Exercise description: All lines holding the word "antibody" in the listing below need to be copied.

Records provided:
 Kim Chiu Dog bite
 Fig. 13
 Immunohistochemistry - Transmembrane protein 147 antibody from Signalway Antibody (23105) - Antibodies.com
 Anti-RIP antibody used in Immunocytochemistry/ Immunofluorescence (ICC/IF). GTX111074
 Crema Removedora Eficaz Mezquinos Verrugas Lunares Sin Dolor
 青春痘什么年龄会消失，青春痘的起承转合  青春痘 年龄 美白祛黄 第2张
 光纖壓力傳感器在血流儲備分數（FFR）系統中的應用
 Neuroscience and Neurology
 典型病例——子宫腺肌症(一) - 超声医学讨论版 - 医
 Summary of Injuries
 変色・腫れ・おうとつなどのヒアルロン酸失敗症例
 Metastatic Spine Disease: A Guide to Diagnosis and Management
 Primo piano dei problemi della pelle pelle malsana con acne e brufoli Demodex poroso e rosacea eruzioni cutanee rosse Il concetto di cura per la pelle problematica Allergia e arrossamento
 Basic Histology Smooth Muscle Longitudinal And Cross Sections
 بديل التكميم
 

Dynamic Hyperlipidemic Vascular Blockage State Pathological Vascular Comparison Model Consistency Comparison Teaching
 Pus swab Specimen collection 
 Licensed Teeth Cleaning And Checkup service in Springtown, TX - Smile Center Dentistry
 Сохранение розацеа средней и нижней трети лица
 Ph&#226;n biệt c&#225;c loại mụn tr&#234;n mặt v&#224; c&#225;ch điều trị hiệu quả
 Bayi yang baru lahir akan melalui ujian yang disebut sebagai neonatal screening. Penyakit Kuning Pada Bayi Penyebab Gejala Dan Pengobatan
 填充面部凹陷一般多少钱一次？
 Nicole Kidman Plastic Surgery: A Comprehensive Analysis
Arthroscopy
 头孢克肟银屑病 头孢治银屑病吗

Result of this exercise:
 Immunohistochemistry - Transmembrane protein 147 antibody from Signalway Antibody (23105) - Antibodies.com
 Anti-RIP antibody used in Immunocytochemistry/ Immunofluorescence (ICC/IF). GTX111074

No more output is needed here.